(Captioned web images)
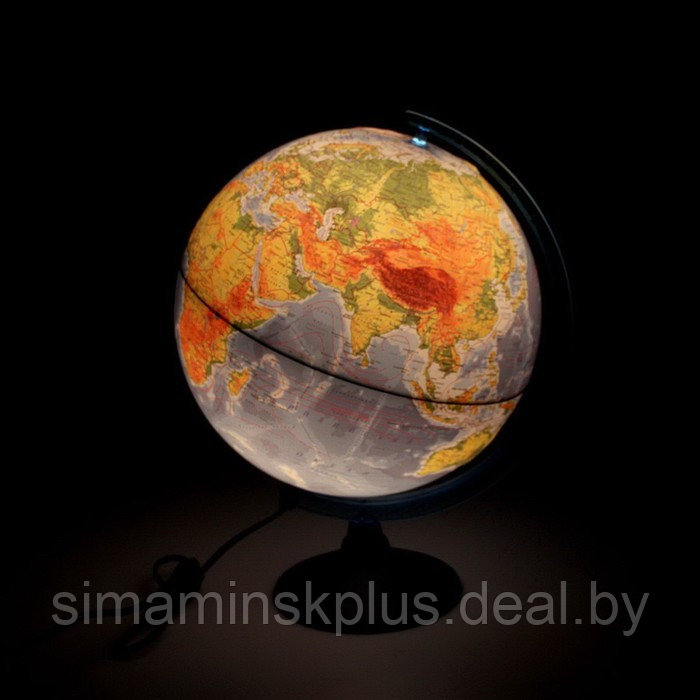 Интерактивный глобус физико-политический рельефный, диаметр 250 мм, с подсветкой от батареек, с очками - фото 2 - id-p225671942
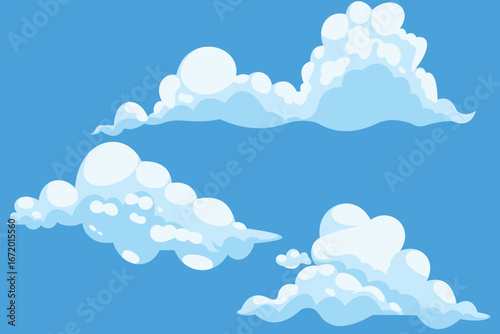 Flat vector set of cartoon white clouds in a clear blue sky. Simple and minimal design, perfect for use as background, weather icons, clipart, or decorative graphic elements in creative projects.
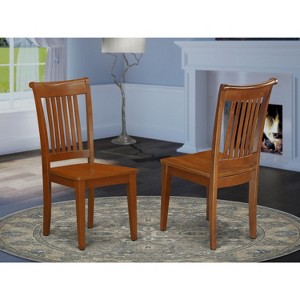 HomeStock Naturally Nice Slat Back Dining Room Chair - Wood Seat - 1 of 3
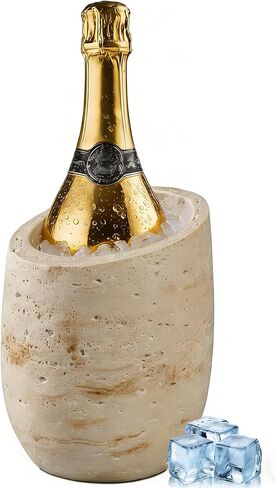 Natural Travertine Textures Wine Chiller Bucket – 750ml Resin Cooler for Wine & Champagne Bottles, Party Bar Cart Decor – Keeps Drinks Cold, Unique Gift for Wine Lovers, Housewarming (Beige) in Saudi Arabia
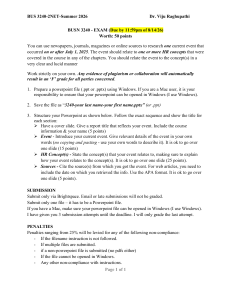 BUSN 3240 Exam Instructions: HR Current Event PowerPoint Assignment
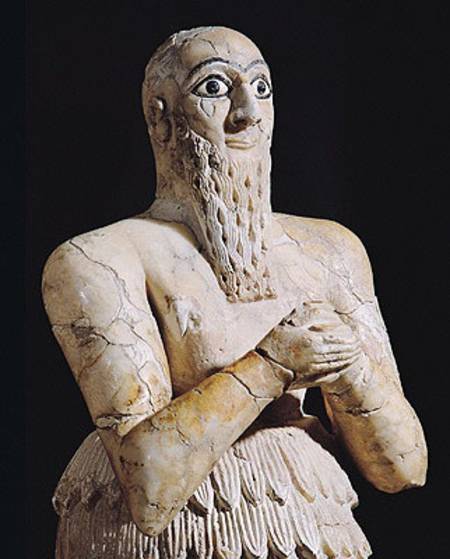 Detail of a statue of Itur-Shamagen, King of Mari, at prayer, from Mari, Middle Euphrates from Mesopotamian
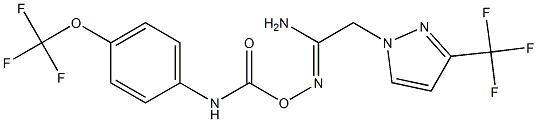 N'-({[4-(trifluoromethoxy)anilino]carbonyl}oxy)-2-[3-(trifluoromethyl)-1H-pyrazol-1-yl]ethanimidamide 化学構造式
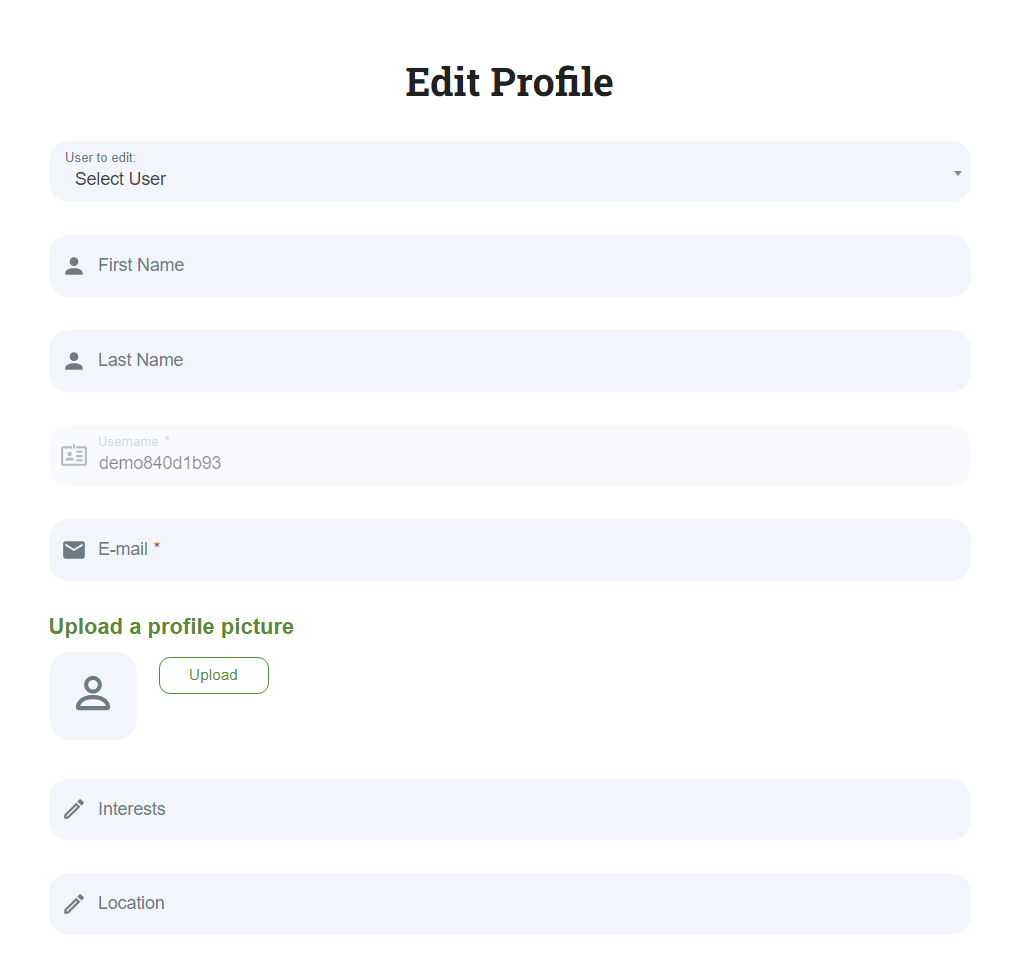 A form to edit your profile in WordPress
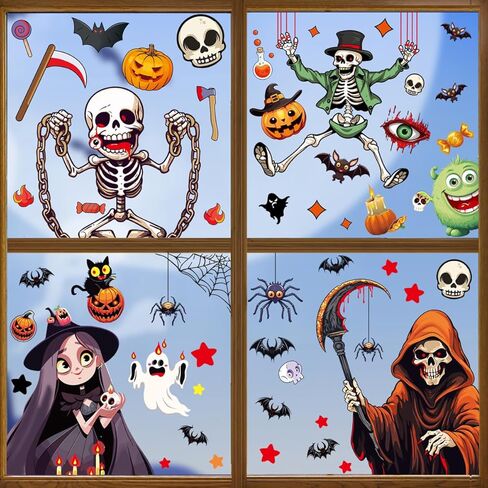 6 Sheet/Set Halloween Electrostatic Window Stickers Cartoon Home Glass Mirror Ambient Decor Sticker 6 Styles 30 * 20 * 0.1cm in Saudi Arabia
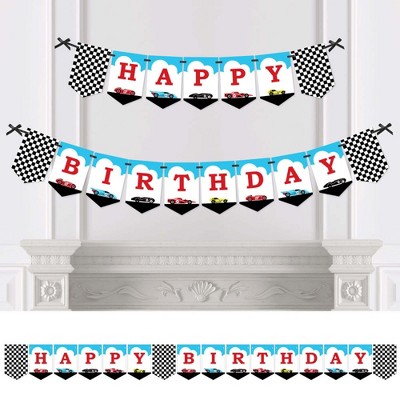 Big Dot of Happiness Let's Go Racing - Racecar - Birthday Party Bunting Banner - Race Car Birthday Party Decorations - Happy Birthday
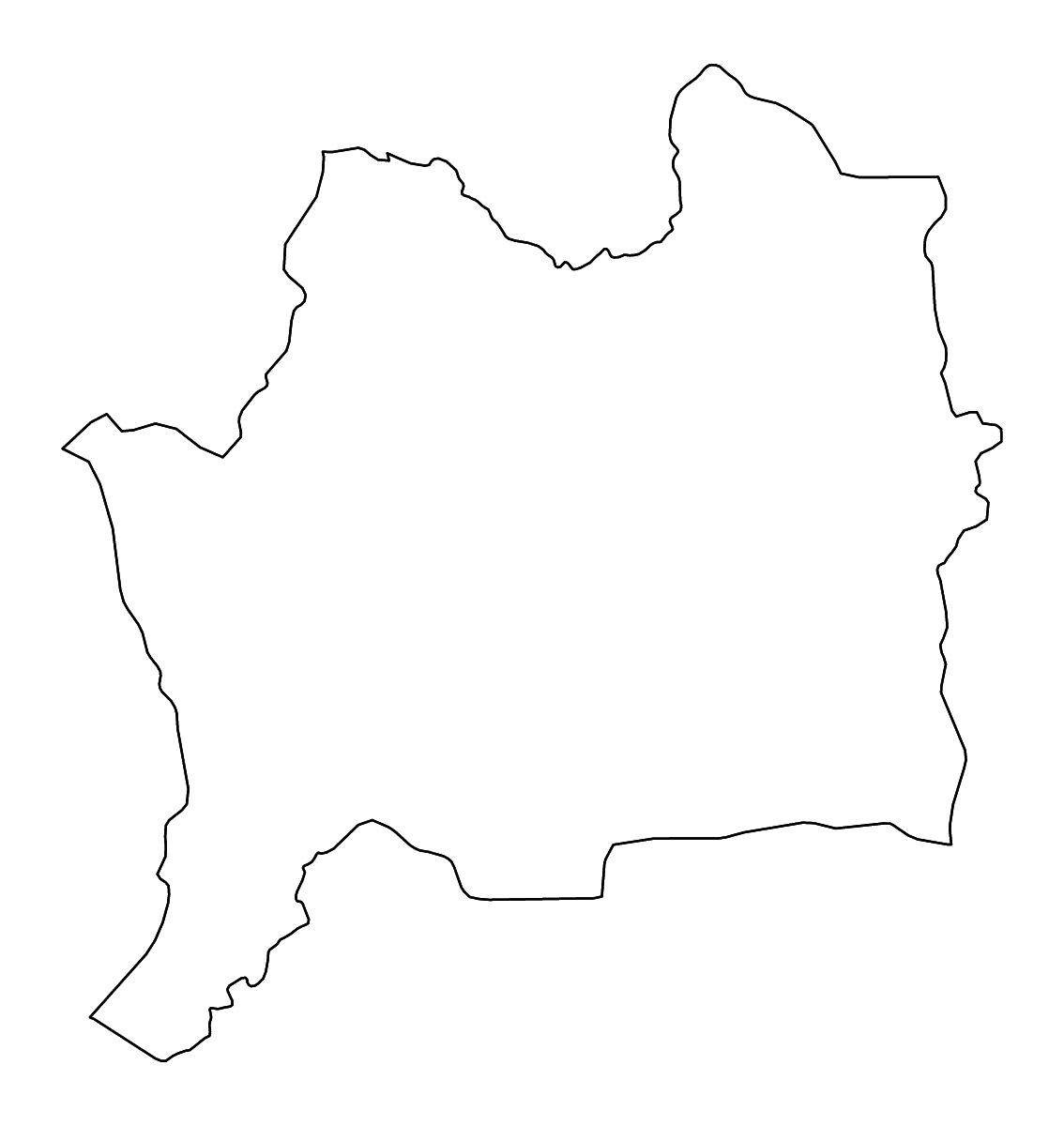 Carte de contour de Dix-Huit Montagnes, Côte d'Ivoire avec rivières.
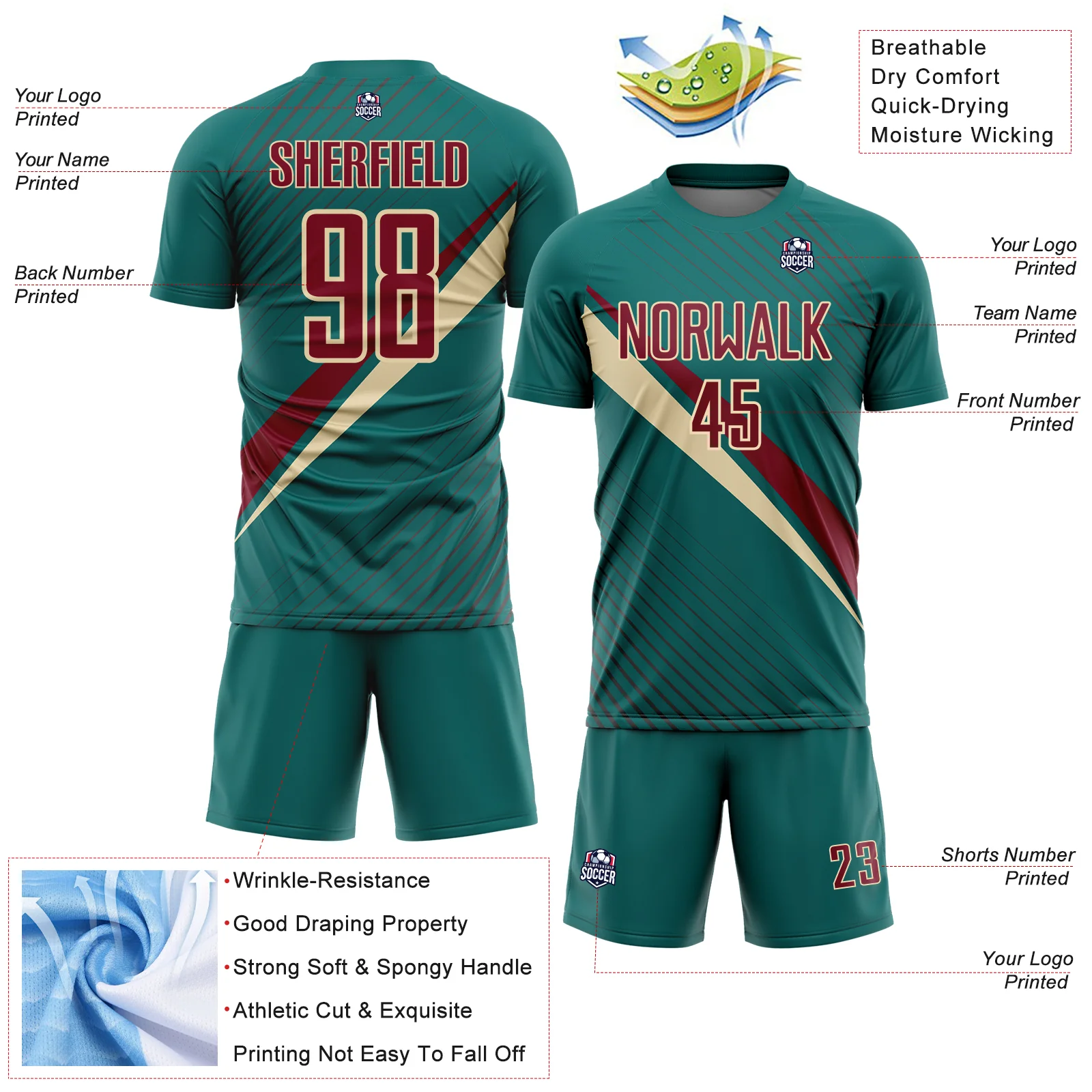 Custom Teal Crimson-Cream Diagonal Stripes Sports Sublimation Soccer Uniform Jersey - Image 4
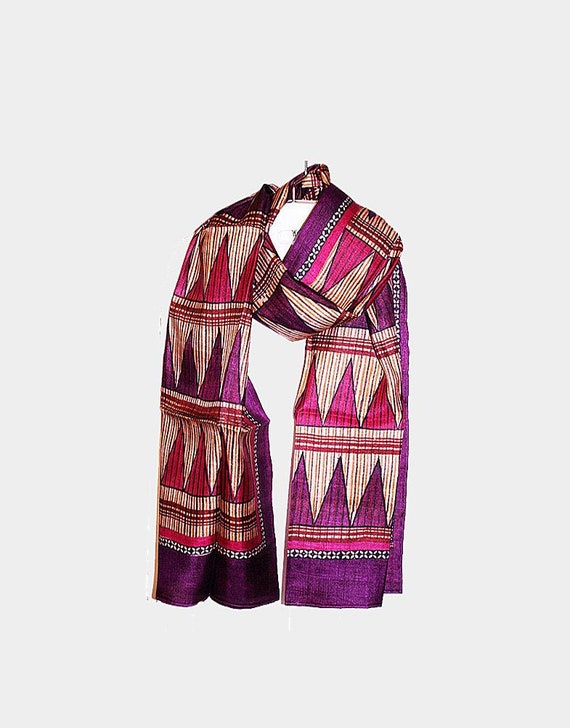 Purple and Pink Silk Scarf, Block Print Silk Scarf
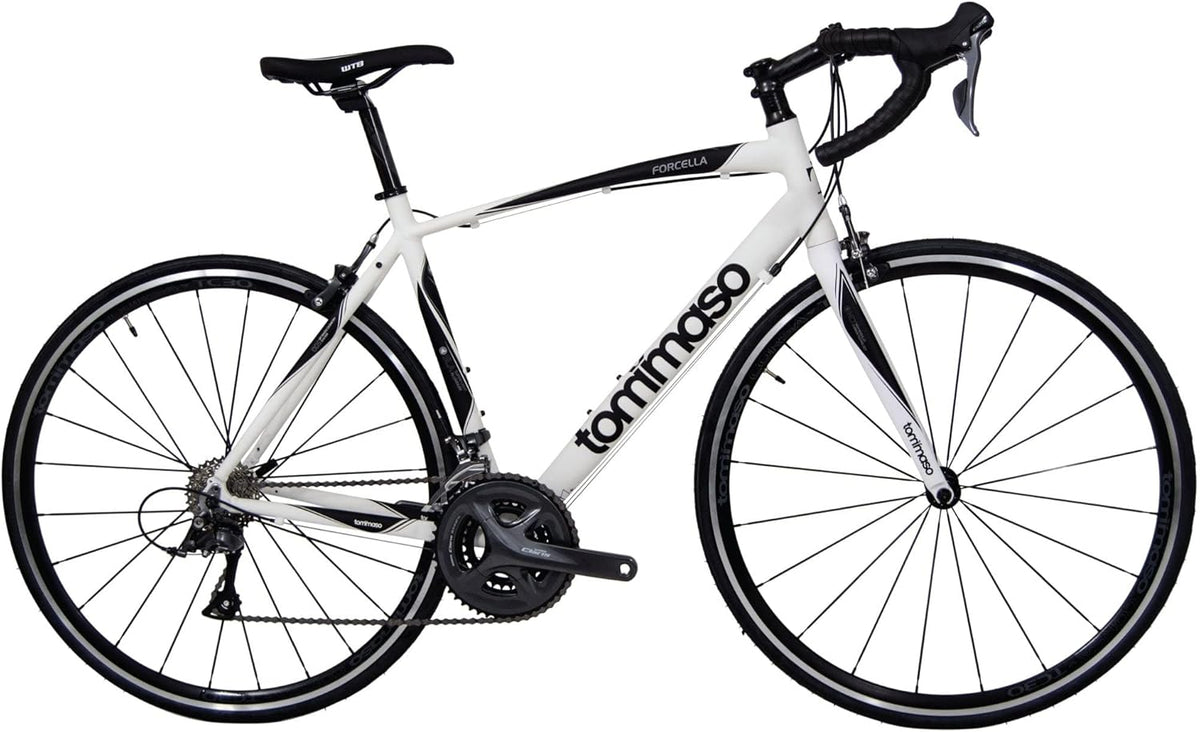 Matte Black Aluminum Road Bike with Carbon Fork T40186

**Exercise directions**
The answer should consist only of the lines from the line with "6 Sheet/Set Halloween" through the last line of the data, repeated exactly; pictures stay out.

**Solution to this task**
 6 Sheet/Set Halloween Electrostatic Window Stickers Cartoon Home Glass Mirror Ambient Decor Sticker 6 Styles 30 * 20 * 0.1cm in Saudi Arabia
 Big Dot of Happiness Let's Go Racing - Racecar - Birthday Party Bunting Banner - Race Car Birthday Party Decorations - Happy Birthday
 Carte de contour de Dix-Huit Montagnes, Côte d'Ivoire avec rivières.
 Custom Teal Crimson-Cream Diagonal Stripes Sports Sublimation Soccer Uniform Jersey - Image 4
 Purple and Pink Silk Scarf, Block Print Silk Scarf
 Matte Black Aluminum Road Bike with Carbon Fork T40186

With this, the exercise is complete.